As with many good things, our family traditions have gotten better with age. When my our first children were brand new, we would set up our advent wreathe. Then every night they'd open up that little cardboard door in the little cardboard advent calendar from Trader Joe's and eat the chocolate and brush their teeth and go to bed.

Fast forward a decade or so and we still have an advent wreath on our diving room table. This year I cut a few branches from a thick spot in our Christmas tree and tied them together with brown thread ten minutes before we lit the purple candle on that first Sunday of advent. You might notice that in addition to taking good things for granted, I adore doing things at the last minute.
We also have our nativity set on display, minus baby Jesus, who is tucked safely out of sight, waiting to appear on Christmas morning. My two-year old keeps asking "but where IS he????" and I keep saying "He's in Mary's tummy waiting to be born!" and then she says "Mary??? But she's a baby!" and then I say "Mary Jesus' mommy, not Mary your sister, silly!". And a little thing like an empty cradle becomes a moment I'll treasure forever.

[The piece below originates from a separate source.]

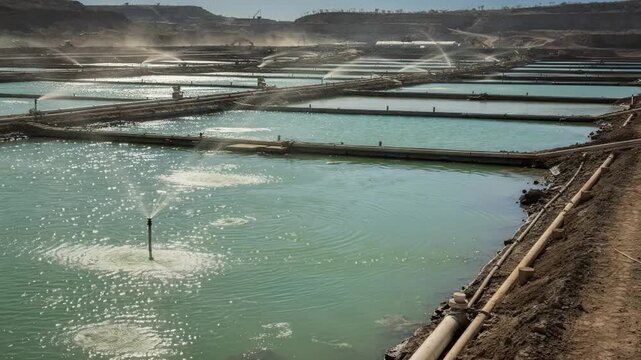 Medium shot of solution ponds in a bioleaching copper operation highlighting largescale bacterial leaching with sunlight reflecting on the liquid surface
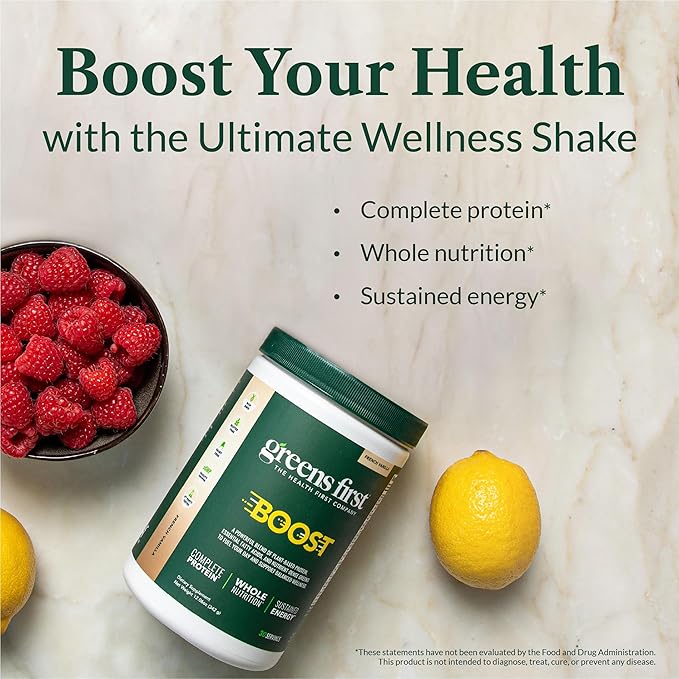Greens First Boost - Plant-Based Protein &amp Balanced Nutrition - Superfood Shake Mix - No Wheat or Soy - Dairy-Free - Vegan - Dutch Chocolate 12.28 oz.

As for the Christmas tree, our kids are old enough to decorate it themselves now. It's not symmetrical or magazine-worthy, but it's an exciting, fun way that they can get their bodies and minds working on preparing for Jesus' arrival. But underneath the tree remains empty of all gifts until Christmas. The twinkling lights make us eager for His arrival; the emptiness under the tree mirroring the emptiness of the cradle reminds us that there's something missing. That we're still waiting.

Every Advent we also make sure everyone chooses some toys and clothes to donate. Clear space in the house while instilling the habit of charity? Yes please!

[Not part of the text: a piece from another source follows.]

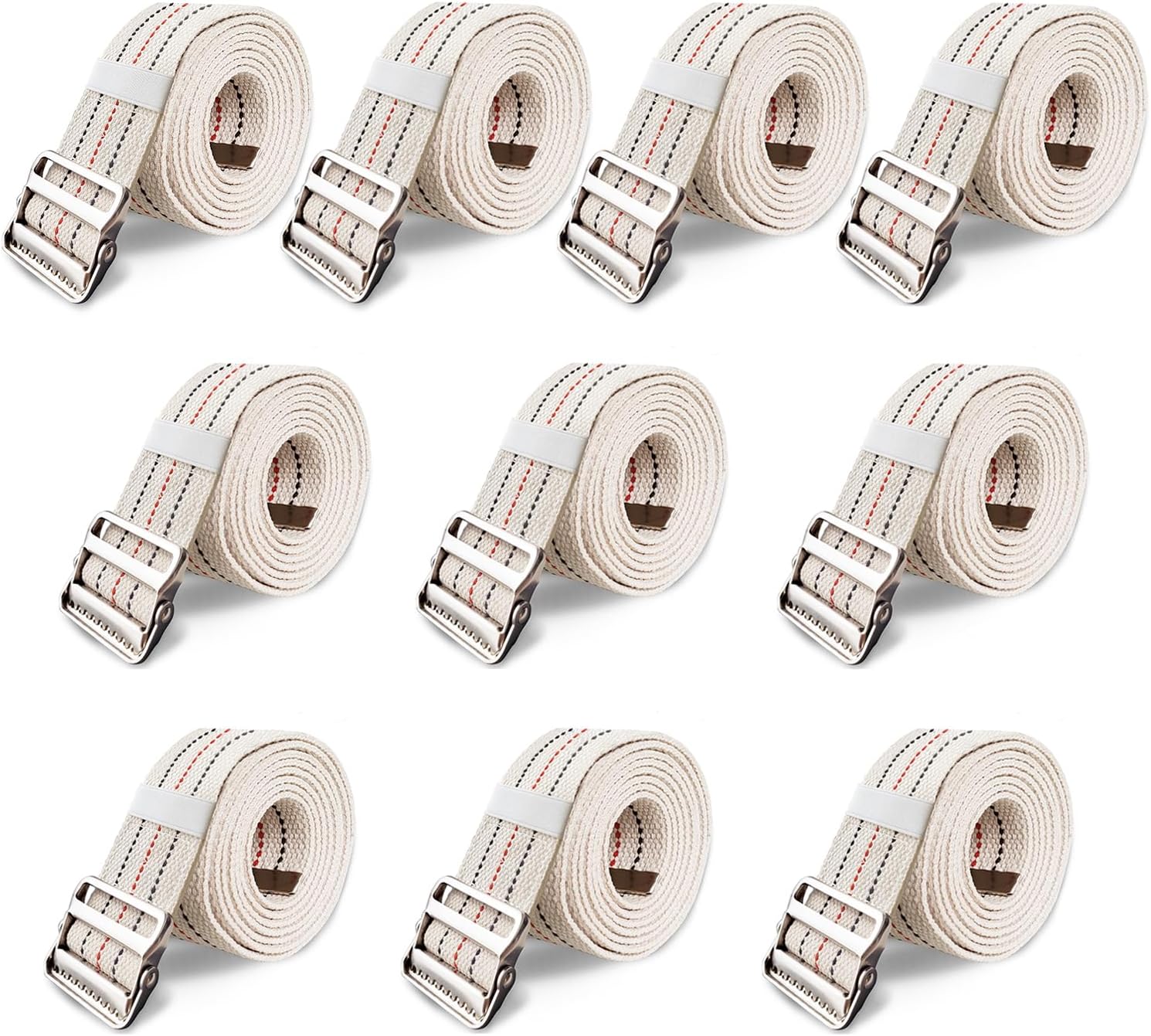 Aliseniors 10 Pack Transfer and Gait Belt with Metal Buckle - 60 Inch, Standing and Transfer Walking Assist Aid for Seniors, Elderly Patients, Caregiver, Nurse, Therapist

And brand new to all of us this year is the addition of a Jesse Tree to our Advent preparations. Thanks to the work of lovely women (and their children, I'm sure!) all over the county, we have our very own set of handmade ornaments to hang on my totally-last-minute-try-not-to-look-so-surprised Jesse Tree.

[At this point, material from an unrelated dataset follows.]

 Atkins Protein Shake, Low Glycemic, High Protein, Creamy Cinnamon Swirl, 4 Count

 Every evening the reading children read aloud a story from A Shoot from the Stump of Jesse . The younger ones argue about who gets to hang the corresponding ornament. Then they argue about who gets to blow out the candle. Then my husband and I argue about who has to put whom to bed. Not really. We don't have the energy for that kind of stuff anymore.

They're not complicated, these things we do. Not groundbreaking or original. But that's okay. Advent traditions don't need to be. They simply need to unite us while helping us prepare, both body and mind, for His arrival.

Dwija Borobia lives with her husband and their five kids in rural southwest Michigan in a fixer-upper they bought sight-unseen off the internet. Between homeschooling and corralling chickens, she pretends her time on the internet doesn't count because she uses the computer standing up. You can read more on her blog house unseen. life unscripted. and stalk her on the facebook, too.

For more posts on Advent traditions and reflections check out the Advent series.


  1. I also love, love, love the empty cradle. And I never thought about tying it to an empty space under the tree. We just do that because JL will open all the presents otherwise. But now! Now I'm going to tell the kids it's in preparation for Advent!

    1. Another thing I love about Church traditions- spiritual AND practical!

  2. We have an empty cradle at our house, too. Maybe next year we'll jump on the Jesse Tree bandwagon. Love the post, Dwija!

  3. We have the same nativity set, with the same empty manger :)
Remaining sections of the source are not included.